Ketika
seorang penyair menuangkan sebuah karya dalam hal ini
puisi. Pada dasarnya digunakan sebagai media / wadah menumpahkan ledakan
uneg-uneg, amarah, asmara, kritik sosial dll yang berujung pada harapan,
cita-cita dan keinginan. Kita memang tidak dapat secara riil mengukur seberapa besar
kandungan isi dan arti / mesiu dalam proses
peledakan tersebut, bahkan secara naluripun apakah kita dapat tahu; ledakan
itu tidak akan terjadi, karena api yang membakar sumbu tiba-tiba meninggalkan
gegap yang tak terjadi.
Karya yang fenomenal secara jelas tidak
bisa kita rangkumkan dalam satu kata pencirian. Karena, bisa jadi ia dihujam
oleh berbagai latar yang melatar belakangi, atau karya tersebut adalah proses
kontemplasi yang lama setelah membaca keadaan.

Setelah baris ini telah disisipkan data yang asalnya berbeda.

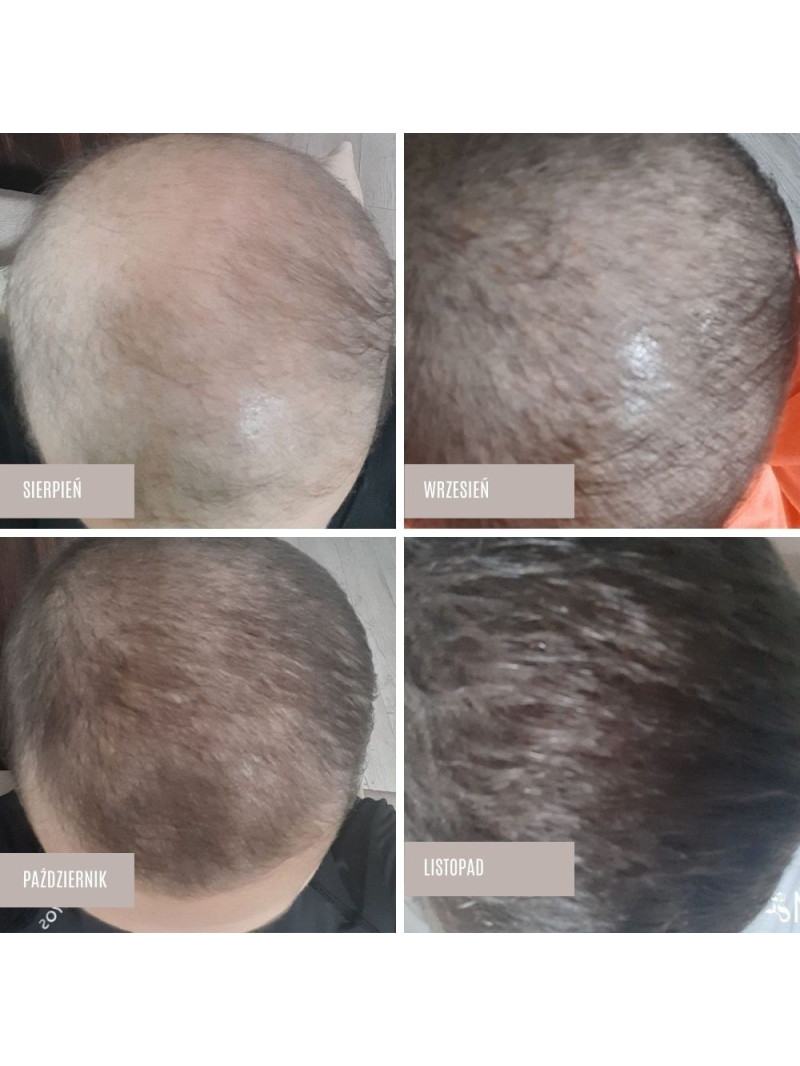 Zestaw serum na pełna kurację - Sklep internetowy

Bahkan, dapat juga karakteristik
yang melahirkan karakter sebuah karya yang secara insidental tercipta hanya
beberapa menit.
Marilah
kita mengingat puisi ‘Aku’nya karya Chairil Anwar. Lalu perhatikan, bahwa karya
tersebut adalah murni lahir menunjukan siapa si pengarang. Apalagi hal itu, hampir
dilakukan oleh setiap pengarang saat melakukan proses penulisan. Kemudian, kenapa
sampai sekarang puisi tersebut masih terus meregenerasi bagi pembaca untuk kembali
dan kembali takjub oleh karenanya?
Pertayaannya;
Apakah puisi tersebut sudah masuk ke ranah fenomenal? Lalu, bagaimana dengan penyair
di abad sekarang ini? Dapatkah melahirkan sebuah karya yang fenomenal seperti
penyair – penyair sebelumnya?
Sebagai
catatan: mampukah diri kita yang mengaku / sebagai penyair dapat melahirkan
ledakan mesiu sebuah karya yang fenomenal?